II - Cercle de l'art moderne > Cézanne au Moderne Kunstkring de 1911
Pour abriter l’exposition de 1911 (et les deux suivantes) Conrad Kickert obtint plusieurs salles du Suasso (1) (Musée municipal d’Amsterdam). Ce qui était plus important encore, il eut, grâce à Steenhoff (2), la permission de prélever dans les réserves du Rijksmuseum (le
musée royal, en France nous dirions national), des toiles de Paul
Cézanne. Il fit donc de Cézanne l’invité d’honneur de cette
manifestation qui dura du 6 octobre au 5 novembre. Cette collection de
Cézanne avait été prêtée au Rijksmuseum par
une famille qui se déchirait dans un pénible et interminable procès.
Kickert avait cru bon d’indiquer sur le catalogue le nom et l’adresse
de G.W. van Blaaderen comme propriétaire de la collection. Initiative
jugée inadmissible par certains protagonistes, ce qui obligea Kickert à
faire exécuter un tirage corrigé du catalogue, mentionnant cette
fois : "collection Hogendijk".
Il en profita pour y apporter des modifications de dernière minute,
essentiellement des ajouts de toiles supplémentaires de divers
artistes, se montant à quatorze œuvres. Ne nous étonnons pas de ces
correctifs : aucun peintre ne sait s’il est satisfait de sa
participation tant qu’il ignore de quelle surface de cimaise les autres
vont disposer ; il faut ensuite tenir compte de sa susceptibilité.

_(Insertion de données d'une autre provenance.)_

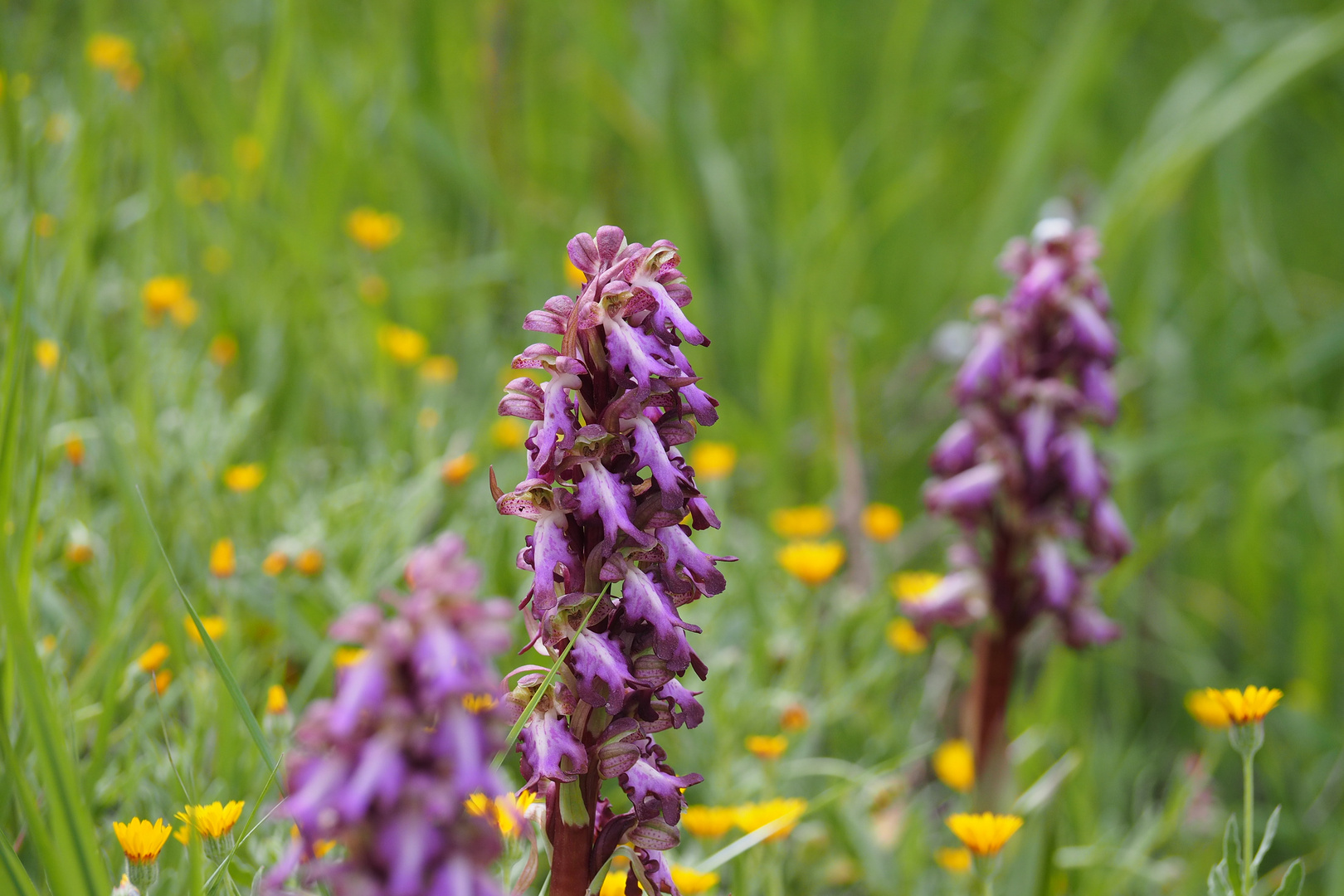 Freilandorchideen Mastorchis neben der Strasse 25.3.2024P3250085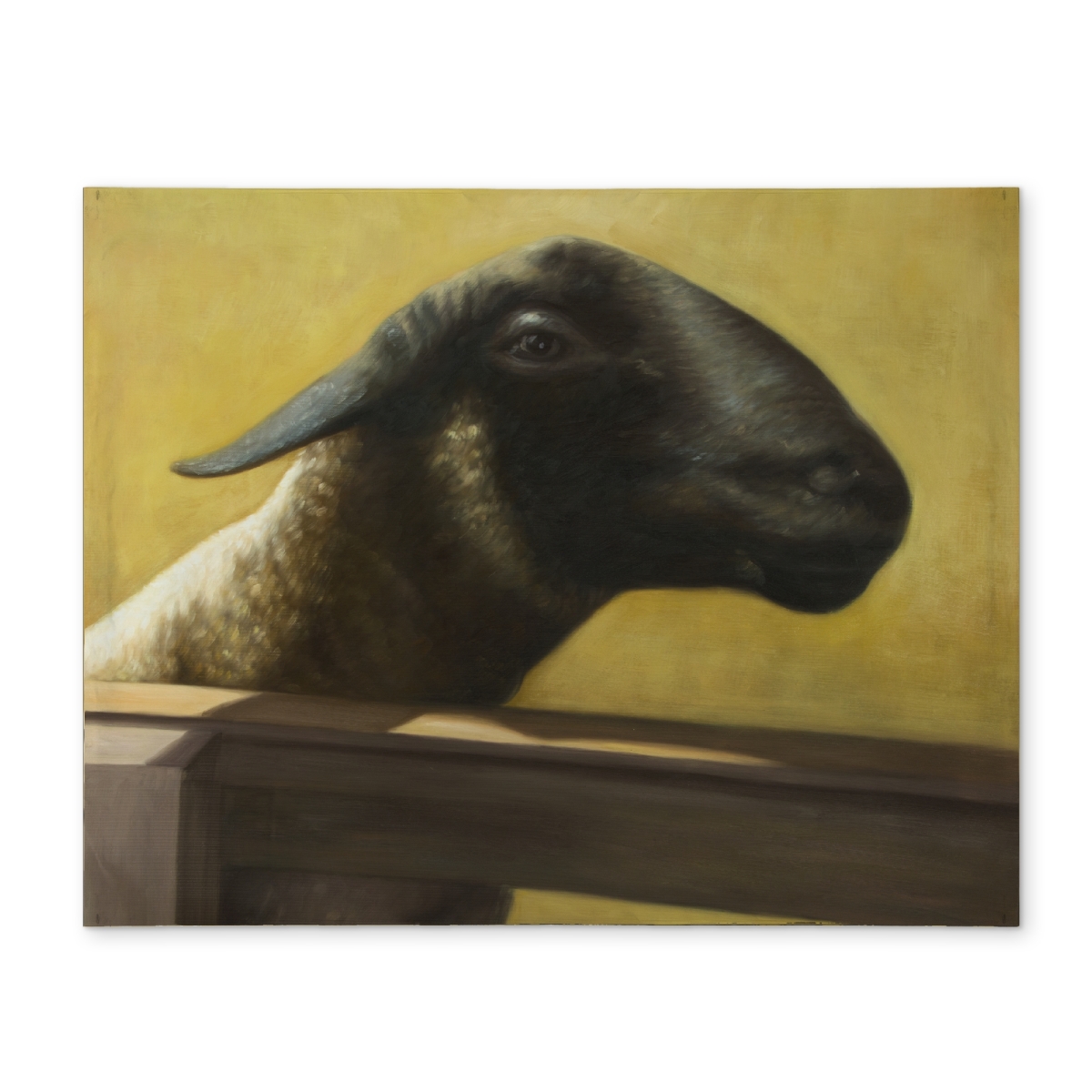 Picture of Begin Home Decor CPPM1418BOO91O 14 x 18 in. Young Ram Brown Western Placemat - Polyester Home Decor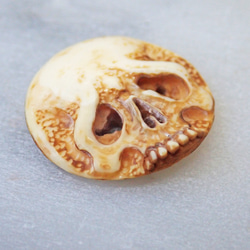 【店主コレクション放出品3】髑髏カメオボタン　牙製   野晒 髑髏 骷髅 骸骨 skull netsuke スカル 根付 3枚目の画像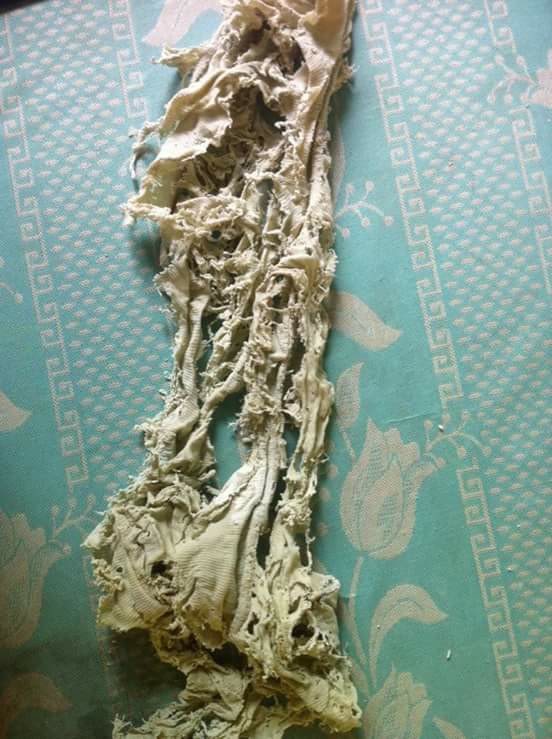 Học sinh, sinh viên thi nhau khoe những chiếc giẻ lau bảng sống hết mình đến giây cuối cùng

Avec ces dernières modifications, le catalogue comportait 180 numéros.
Dans ce nombre, Cézanne figure pour vingt-huit tableaux, Picasso pour
sept, Braque et Mondrian pour six chacun. Il faut s’arrêter un moment
sur ce décompte concernant des gloires de la peinture moderne et songer
à ce que le MKK faisait en
faveur de celle-ci. Certes, à l’époque ces œuvres valaient beaucoup
moins cher qu’aujourd’hui. On devrait en admirer d’autant mieux le rôle
de pionnier de Kickert. De nos jours, réunir un tel ensemble serait
hors de portée du directeur de musée le plus actif ou même le plus
ambitieux.
Dans cette exposition la suprématie de l’art français était établie par
l'autoportrait de Cézanne entouré de sept paysages et de vingt natures
mortes peintes par le même. De plus, la prédominance de Paris se
constatait chez les contemporains vivants dans le domicile de chaque
artiste, indiqué à la suite de son nom : sur les trente et un
exposants, quinze vivaient à Paris ou dans les départements contigus de
la Seine. Parmi eux on pouvait recenser trois Néerlandais (non compté
van Dongen pourtant né à Delfshaven), à savoir Schelfhout, Verhoeven et
Otto van Rees. Une dizaine de peintres français comme Braque, Maurice
de Vlaminck, Odilon Redon, Jean Puy, Charles Manguin, Auguste Herbin,
Othon Friesz, Raoul Dufy, André Derain, Maurice Denis, car Conrad
Kickert n’avait pas manqué de les inviter ainsi que l’allemand Rudolf
Levy (3). Cependant les
Néerlandais vivant aux Pays-Bas, figuraient fort bien avec Leo Gestel,
Piet Mondrian, Jan Sluyters, Jaap Weyand d’Amsterdam, tandis que Toorop
et sa fille Charley représentaient Nimègue, Jacoba van Heemskerck,
Bois-le-Duc, et Herman Kuyt, Laren.
(1) : Les Amstellodamois appelaient ce musée, le "Suasso", usage tombé en désuétude.
(2) : Critique d’art, comme on l’a dit au chapitre précédent, il faisait partie en même temps de l’état-major du Rijksmuseum.
(3) : Dont le destin fut
tragique : arrêté en Italie par les Nazis, parce que juif, il
mourut en 1943 dans le transport vers un camp de déportation.